11 マスメディアと学校広報との違い
マスメディアの影響力には絶大なものがあります。手作りの学校広報では、どう考えたところで太刀打ちできそうにもありません。しかし、マスメディアと学校広報とでは、対象も違えば、モデルも全く違います。学校広報には、独自の「らしさ」があるのであって、ことさらにマスメディアの真似をしたり、背伸びをしても、まったく意味はありません。
マスメディアは、広告産業と一体となることで、巨額の収益を上げる構造を持っています。例えば、民放テレビ局の場合、時間によって値段の異なる番組枠を、広告主が買って、CMを放映する事で経営が成り立つ訳ですが、メディアリテラシーの教科書では、この関係を「多くの番組視聴者に値段を付けて広告主に売ること」と捉えます。テレビ局にとっての商品とは、番組そのものというより、むしろ番組という餌に群がる我々なのです。
しかしながら、マスメディアは基本的に一方向で垂れ流しなうえに、視聴者の側だって、いつでも画面に注目している訳ではありません。
制作側として、広告主の期待に応え、より多くの収益を得るためには、不特定多数の大衆(マス)の注意を惹きつけ、かつ、理屈抜きのインパクト(刺激)を与えて、満足させる必要があります。言い換えれば、マスメディアのコンテンツには、モノ珍しさ(非日常性)や、うっぷん晴らし(カタルシス)、誰にでも分かりやすい単純明快さ、といったものが、演出として求められるわけです。

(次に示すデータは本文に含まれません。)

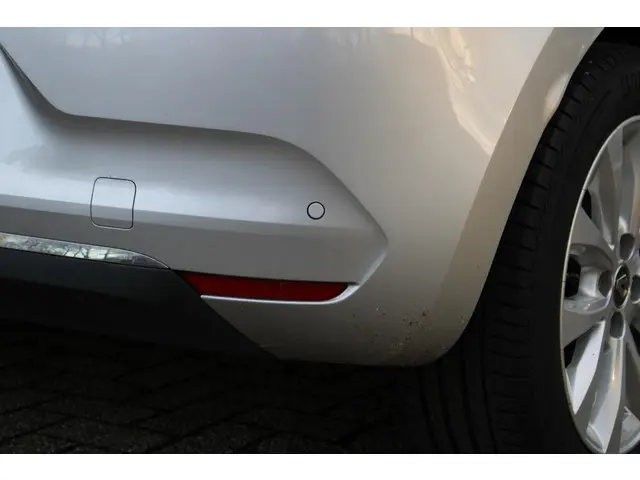 Renault Clio 1.0 TCe Intens 2020 Benzine 23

こういった局面がより強くなると、マスメディアの報道姿勢は事実報道よりも、むしろ扇情的であることが売り物になり、俗にイエロー・ジャーナリズムと呼ばれるようになってしまいます。
これに対して、学校広報は、マスメディアのような強力な伝達手段を持っていませんが、広報対象(ステークホルダ)の大半は、最初から学校の情報を得るために、能動的にアクセスしてきた人々です。
彼らが求める情報とは、マスメディアとは質的に全く異なるものです。
彼らは、学校での子ども達の様子が知りたい、安心したいと思っているのであって、けっして、モノ珍しさやうっぷん晴らしが目的ではありません。したがって、学校広報が扱う内容は、平凡な日常の繰り返しであっても一向に構わないし、あえて、見てくれの良い情報に飾り立てる必要もないのです。ただ、情報それ自体は具体的かつ詳細でなければなりません。筆者は、この日常の情報を「地味でベタな情報」と言っています。
また、彼らの求める「地味でベタな情報」とは、いわゆるニッチであって、ステークホルダにとっては不可欠かつ重要なものであっても、それ以外の人には、ほとんどまったく価値がない、というのも特徴的です。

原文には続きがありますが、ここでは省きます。